Right on cue, as the Falls Church City Council mulls committing $2 million toward affordable housing in its new budget, the final report of a City-commissioned study presented this Monday urged a more aggressive approach to tackle the issue.
The lack, and decline, of affordable housing is now being called a “crisis” in all Northern Virginia jurisdictions. It is acute in Falls Church, where a report last year indicated every one of the 754 housing units currently considered affordable are at risk of either demolition or renovation upgrades aimed at a steep hike in their rents.
While Falls Church officials were slow in the past to address the issue, they’re looking to catch up fast, and funding the study released Monday was a first step. It will be hard for the Council to reject the $2 million dedicated to the problem recommended by City Manager Wyatt Shields in its Fiscal Year 2008 budget due for final approval late this month.
Council members approved the “Northgate” project of the Hekemian Company for North Washington Street last week with an eye to affordable housing. Most members noted the positive impact of a new project with all moderately-priced rental units as an important contribution to housing diversity that will make the City a more vital place.
It was a step to reverse the recent years’ gradual trend toward a wealthy single family homeowner-dominated “gated city” that many here feared Falls Church was destined to become.
However, experts note that diversity, including housing and income diversity, is essential for an economically and fiscally viable community. In its desire for new retail and commercial activity on its commercially-zoned corridors and in its planned new city center, Falls Church has to step up to intervene on housing market trends to make the city more diverse and colorful.
Melissa Bondi, housing director for the Coalition for Smarter Growth, affirmed this in comments to Falls Church Economic Development Authority this Tuesday. She called the proposed $2 million for affordable housing in the new budget “a terrific start.”

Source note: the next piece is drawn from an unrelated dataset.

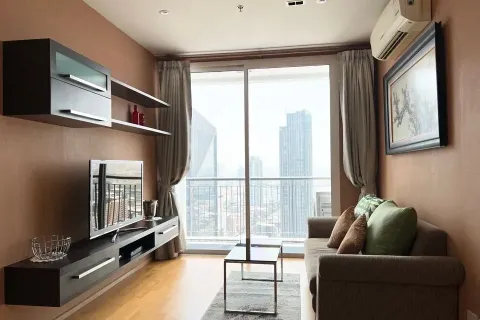 Студия в кондо в Ратчатхеви, Бангкок, Таиланд № 159334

“Affordable housing has to be seen as a valuable community benefit,” she said. “More diversity helps provide stability and sustainable economic viability over time.”
Drawing on her experience working with affordable housing initiatives in neighboring Arlington County in recent years, she outlined achievements that closely paralleled what the Jones Lang LaSalle study released Monday recommended.
When a local push to mandate a stiff affordable housing requirement from developers was rebuffed by a court ruling in 2004, she said, the county and developers agreed to a “détente,” and to set up a “roundtable process” by which both sides could arrive at mutually-beneficial new policies.
Just as the Jones study recommended, so Bondi reported that making inclusion of affordable housing an “attractive business option” for developers, through generous incentives, was the key to arriving at a workable and amicable way forward.
Important components to the deal hammered out, she said, involved the following:
1. Making the process predictable in advance to everyone.
2. Making the requirements quantifiable such that developers could budget the affordable housing component in advance.
3. Providing flexibility by giving the developer an array of options for meeting affordable housing goals, such as cash contributions, off-site affordable housing projects, and so forth.
4. Making the inclusion of the affordable housing component “market neutral” by matching the developer cost for participation with incentives that equal or exceed that cost.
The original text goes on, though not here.